Yara carregava os trabalhos de pintura dos alunos enquanto pegava um táxi de volta para sua casa no subúrbio.
Só ao descer do carro, ela se lembrou do que acontecera na noite anterior: ainda não tinha tomado o anticoncepcional.
Correu até uma farmácia, comprou o remédio e engoliu seco, ali mesmo.
"Yara, voltou!" Dona Glória, a empregada da casa, a recebeu com um sorriso caloroso.
Assim que entrou na sala, sua madrasta, Vanessa Souza, elevou a voz num tom sarcástico: "Ainda lembra que tem casa, né? Nem casou com a Família Brito e já nem aparece nos fins de semana!"
Yara respondeu educadamente: "Sra. Souza!"
Yara só foi trazida para casa pelo pai aos três anos de idade; aos olhos da madrasta, era apenas uma filha ilegítima de uma amante, jamais recebendo carinho nem da madrasta, nem da meia-irmã. O irmão, Norberto Franco, era o único que a tratava bem, mas infelizmente estava estudando no exterior.
Aquela menina, criada por vinte anos, nunca a chamou de mãe; só a tratava pelo sobrenome e um formal "tia", numa relação que nem se comparava à que tinha com Dona Glória.
Vanessa começou a encenar sua costumeira ladainha, fingindo uma voz chorosa: "Yara, você sabe que não está fácil pra gente. Seu irmão está estudando fora, sua irmã precisa fazer faculdade, todo mundo aqui precisa comer... E aquela fábrica do seu pai está quase fechando…"
Yara entregou o dinheiro que acabara de sacar: "Sra. Souza, aqui está o valor da alimentação deste mês."
Vanessa imediatamente mudou de expressão: "Yara, você é mesmo uma guerreira!"
Sua meia-irmã, Íris Franco, estava largada no sofá e lançou-lhe um olhar de desdém: "Quatro mil reais? Isso não dá nem pra você e o Elvis jantarem juntos! E ainda tem coragem de trazer esse trocado…"
Mal sabiam elas que Yara, recém-contratada, somando o salário do emprego com as aulas de pintura, mal passava de dez mil reais.
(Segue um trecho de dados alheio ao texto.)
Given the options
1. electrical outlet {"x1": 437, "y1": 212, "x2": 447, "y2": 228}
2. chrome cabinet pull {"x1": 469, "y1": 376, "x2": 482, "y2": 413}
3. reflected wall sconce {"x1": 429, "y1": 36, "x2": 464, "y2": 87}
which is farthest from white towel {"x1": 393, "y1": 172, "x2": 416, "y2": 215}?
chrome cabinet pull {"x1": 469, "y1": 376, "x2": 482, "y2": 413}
Descontando aluguel e comida, sobrava quase nada; até para comprar uma roupa nova, ela precisava pensar bastante…
Antes que Yara pudesse responder, Íris se levantou de repente e analisou sua roupa: "Yara, essa roupa é nova?"
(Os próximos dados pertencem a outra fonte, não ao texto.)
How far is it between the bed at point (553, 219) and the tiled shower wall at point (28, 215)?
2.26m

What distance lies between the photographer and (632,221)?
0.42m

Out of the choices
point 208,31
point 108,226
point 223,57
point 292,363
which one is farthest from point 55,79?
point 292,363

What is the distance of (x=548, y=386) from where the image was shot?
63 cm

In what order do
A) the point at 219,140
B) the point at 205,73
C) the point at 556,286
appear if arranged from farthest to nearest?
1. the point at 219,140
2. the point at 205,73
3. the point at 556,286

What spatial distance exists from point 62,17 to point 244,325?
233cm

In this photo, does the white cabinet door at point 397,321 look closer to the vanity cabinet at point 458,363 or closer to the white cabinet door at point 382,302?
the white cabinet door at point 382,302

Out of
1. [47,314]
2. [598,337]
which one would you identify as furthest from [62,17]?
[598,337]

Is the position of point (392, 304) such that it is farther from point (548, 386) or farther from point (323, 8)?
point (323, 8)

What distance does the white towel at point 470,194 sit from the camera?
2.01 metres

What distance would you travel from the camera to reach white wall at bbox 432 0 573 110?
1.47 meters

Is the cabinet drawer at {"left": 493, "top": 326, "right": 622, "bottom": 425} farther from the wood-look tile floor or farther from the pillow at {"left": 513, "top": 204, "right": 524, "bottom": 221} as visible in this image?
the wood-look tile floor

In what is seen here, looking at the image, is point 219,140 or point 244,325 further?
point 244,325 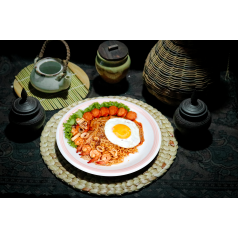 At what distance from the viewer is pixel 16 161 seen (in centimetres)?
308

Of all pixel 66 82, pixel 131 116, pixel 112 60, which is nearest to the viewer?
pixel 131 116

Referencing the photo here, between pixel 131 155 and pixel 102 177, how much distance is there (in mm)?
319

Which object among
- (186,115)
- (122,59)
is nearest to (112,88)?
(122,59)

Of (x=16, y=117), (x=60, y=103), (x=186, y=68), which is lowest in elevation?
(x=60, y=103)

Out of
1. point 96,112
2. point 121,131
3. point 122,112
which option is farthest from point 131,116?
point 96,112

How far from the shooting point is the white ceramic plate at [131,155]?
2781 mm

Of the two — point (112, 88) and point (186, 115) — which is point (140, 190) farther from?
point (112, 88)

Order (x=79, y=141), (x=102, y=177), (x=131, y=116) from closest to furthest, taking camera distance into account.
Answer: (x=102, y=177), (x=79, y=141), (x=131, y=116)

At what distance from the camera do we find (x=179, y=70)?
3.20 m

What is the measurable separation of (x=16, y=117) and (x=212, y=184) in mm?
1830

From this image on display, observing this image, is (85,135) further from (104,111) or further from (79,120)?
(104,111)

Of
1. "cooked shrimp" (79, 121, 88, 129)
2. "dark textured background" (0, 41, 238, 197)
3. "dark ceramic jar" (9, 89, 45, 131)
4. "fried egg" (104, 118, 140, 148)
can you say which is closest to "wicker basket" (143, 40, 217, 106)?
"dark textured background" (0, 41, 238, 197)

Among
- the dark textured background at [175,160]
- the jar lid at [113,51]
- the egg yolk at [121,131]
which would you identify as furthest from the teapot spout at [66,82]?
the egg yolk at [121,131]

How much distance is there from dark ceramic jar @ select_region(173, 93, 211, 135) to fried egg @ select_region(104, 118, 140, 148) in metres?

"Yara, chegou!" Léo Franco chamou do andar de cima.
Ela ergueu o olhar e, ao ver o sorriso do pai, correu para ajudá-lo a descer as escadas.
Com a cabeça baixa e cheia de culpa, mesmo sabendo do carinho que o pai tinha por ela, Yara não se atrevia a compartilhar suas tristezas: "Pai, no fim de semana passado, o trabalho estava puxado. Precisei fazer hora extra e não consegui vir te ver!"
Léo deu leves tapinhas em sua mão, confortando-a: "Eu entendo, filha. Você acabou de começar no emprego, é importante se dedicar, aprender com os colegas… Se aos fins de semana não conseguir vir, não precisa se preocupar."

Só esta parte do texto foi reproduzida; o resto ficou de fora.